In this result, the data is clearly aggregated. The individual data of players cannot be displayed anymore, and the data is aggregated by TOWN. The aggregation level of this result is TOWN.
Example 10.3: For each team, get the team number, the number of matches that has been played for that team, and the total number of sets won.
SELECT TEAMNO, COUNT(*), SUM(WON) FROM MATCHES GROUP BY TEAMNO
The result is:
TEAMNO COUNT(*) SUM(WON) ------ -------- -------- 1 8 15 2 5 9
Explanation: This statement contains one grouping, consisting of the TEAMNO column.
Example 10.4: For each team that is captained by a player resident in Eltham, get the team number and number of matches that has been played for that team.
SELECT TEAMNO, COUNT(*) FROM MATCHES WHERE TEAMNO IN (SELECT TEAMNO FROM TEAMS INNER JOIN PLAYERS ON TEAMS.PLAYERNO = PLAYERS.PLAYERNO WHERE TOWN = 'Eltham') GROUP BY TEAMNO
The result is:
TEAMNO COUNT(*) ------ -------- 2 5
The column on which the result has been grouped might also appear in the SELECT clause as a parameter within an aggregation function. This does not happen often, but it is allowed.
Example 10.5: Get each different penalty amount, followed by the number of times that the amount occurs in the PENALTIES table, and also show the result of that amount multiplied by the number.
SELECT AMOUNT, COUNT(*), SUM(AMOUNT) FROM PENALTIES GROUP BY AMOUNT
The PENALTIES table is grouped on the AMOUNT column first.
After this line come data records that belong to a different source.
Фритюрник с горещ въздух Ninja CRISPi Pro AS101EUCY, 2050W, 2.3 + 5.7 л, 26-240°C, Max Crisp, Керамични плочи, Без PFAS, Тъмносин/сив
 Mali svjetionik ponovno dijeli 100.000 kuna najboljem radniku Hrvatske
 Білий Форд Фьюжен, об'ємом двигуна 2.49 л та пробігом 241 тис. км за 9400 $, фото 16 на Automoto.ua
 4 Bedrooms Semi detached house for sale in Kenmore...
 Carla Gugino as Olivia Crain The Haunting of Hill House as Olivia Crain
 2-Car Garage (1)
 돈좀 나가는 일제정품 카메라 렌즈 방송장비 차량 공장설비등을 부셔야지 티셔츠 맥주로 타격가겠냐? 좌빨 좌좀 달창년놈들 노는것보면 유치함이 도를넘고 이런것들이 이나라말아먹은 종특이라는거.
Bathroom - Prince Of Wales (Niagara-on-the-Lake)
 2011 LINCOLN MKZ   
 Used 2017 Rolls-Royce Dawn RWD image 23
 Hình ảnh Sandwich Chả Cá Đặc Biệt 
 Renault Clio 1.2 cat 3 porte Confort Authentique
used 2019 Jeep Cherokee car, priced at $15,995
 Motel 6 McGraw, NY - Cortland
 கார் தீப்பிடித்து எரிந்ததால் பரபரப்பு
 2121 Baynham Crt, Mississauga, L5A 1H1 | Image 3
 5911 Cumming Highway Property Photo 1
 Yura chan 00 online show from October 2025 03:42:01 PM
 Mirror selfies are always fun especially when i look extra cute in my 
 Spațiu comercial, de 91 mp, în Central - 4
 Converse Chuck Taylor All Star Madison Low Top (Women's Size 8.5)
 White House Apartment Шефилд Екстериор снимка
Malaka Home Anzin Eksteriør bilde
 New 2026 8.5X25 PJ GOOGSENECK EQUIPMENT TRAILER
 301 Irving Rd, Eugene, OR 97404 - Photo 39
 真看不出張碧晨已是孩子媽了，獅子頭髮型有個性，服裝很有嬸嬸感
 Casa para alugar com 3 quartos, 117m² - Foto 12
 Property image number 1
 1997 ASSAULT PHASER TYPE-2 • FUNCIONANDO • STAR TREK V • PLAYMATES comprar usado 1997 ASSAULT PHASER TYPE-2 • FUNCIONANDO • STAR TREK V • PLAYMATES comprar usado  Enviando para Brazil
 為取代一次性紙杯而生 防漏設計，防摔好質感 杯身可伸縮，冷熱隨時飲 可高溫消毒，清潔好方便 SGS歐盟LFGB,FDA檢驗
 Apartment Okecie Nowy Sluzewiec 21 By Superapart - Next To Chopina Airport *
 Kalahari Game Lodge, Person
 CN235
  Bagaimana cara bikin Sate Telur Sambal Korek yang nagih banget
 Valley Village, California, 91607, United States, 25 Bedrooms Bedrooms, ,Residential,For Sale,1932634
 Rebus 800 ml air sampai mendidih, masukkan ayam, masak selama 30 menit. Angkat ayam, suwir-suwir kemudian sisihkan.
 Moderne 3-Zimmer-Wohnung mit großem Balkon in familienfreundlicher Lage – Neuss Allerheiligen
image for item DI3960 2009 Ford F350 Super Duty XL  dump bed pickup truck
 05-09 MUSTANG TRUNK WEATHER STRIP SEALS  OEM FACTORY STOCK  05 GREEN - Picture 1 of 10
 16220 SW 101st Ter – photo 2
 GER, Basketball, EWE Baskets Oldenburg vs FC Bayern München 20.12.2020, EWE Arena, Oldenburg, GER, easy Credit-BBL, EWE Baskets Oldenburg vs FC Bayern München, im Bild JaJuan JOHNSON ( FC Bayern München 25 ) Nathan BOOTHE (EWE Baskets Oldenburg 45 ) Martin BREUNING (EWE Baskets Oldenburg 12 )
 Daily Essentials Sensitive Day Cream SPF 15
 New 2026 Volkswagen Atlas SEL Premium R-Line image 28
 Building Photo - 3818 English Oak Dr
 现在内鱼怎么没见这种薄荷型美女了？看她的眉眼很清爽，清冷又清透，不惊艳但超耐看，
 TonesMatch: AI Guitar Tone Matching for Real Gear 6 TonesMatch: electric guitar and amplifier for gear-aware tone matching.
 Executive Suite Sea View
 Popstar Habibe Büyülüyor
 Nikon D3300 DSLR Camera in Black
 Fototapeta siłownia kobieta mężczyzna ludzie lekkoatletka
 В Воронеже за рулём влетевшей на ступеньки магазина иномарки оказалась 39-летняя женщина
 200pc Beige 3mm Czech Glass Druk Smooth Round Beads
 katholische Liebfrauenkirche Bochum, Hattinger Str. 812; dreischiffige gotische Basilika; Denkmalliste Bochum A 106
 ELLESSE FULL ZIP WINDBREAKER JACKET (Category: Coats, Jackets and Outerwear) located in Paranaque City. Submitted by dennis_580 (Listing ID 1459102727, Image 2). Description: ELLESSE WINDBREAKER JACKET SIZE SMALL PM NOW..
The intermediate result could be presented as follows:
PAYMENTNO PLAYERNO PAYMENT_DATE AMOUNT --------- -------- ------------------------ ------ {5, 6} {44, 8} {1980-12-08, 1980-12-08} 25.00 {7} {44} {1982-12-30} 30.00 {4} {104} {1984-12-08} 50.00 {2, 8} {44, 27} {1981-05-05, 1984-11-12} 75.00 {1, 3} {6, 27} {1980-12-08, 1983-09-10} 100.00
Again, the values of the columns that are not grouped are placed between brackets, and the AMOUNT column shows only one value. However, that is not entirely correct. Behind the scenes, MySQL also creates a group for this column. So the intermediate result should, in fact, be presented as follows:
PAYMENTNO PLAYERNO PAYMENT_DATE AMOUNT --------- -------- ------------------------ ---------------- {5, 6} {44, 8} {1980-12-08, 1980-12-08} {25.00, 25.00} {7} {44} {1982-12-30} {30.00} {4} {104} {1984-12-08} {50.00} {2, 8} {44, 27} {1981-05-05, 1984-11-12} {75.00, 75.00} {1, 3} {6, 27} {1980-12-08, 1983-09-10} {100.00, 100.00}
The values in the AMOUNT column are also represented as a group now. Of course, only equal values appear in each group. And because it is a group, aggregation functions can be used.
The result is:
AMOUNT COUNT(*) SUM(AMOUNT) ------ -------- ----------- 25.00 2 50.00 30.00 1 30.00 50.00 1 50.00 75.00 2 150.00 100.00 2 200.00
However, this book does not present the values of the grouped columns between brackets.
Exercise 10.1: Show the different years in which players joined the club; use the PLAYERS table.
Exercise 10.2: For each year, show the number of players who joined the club.
Exercise 10.3: For each player who has incurred at least one penalty, give the player number, average penalty amount, and number of penalties.
Exercise 10.4: For each team that has played in the first division, give the team number, number of matches, and total number of sets won.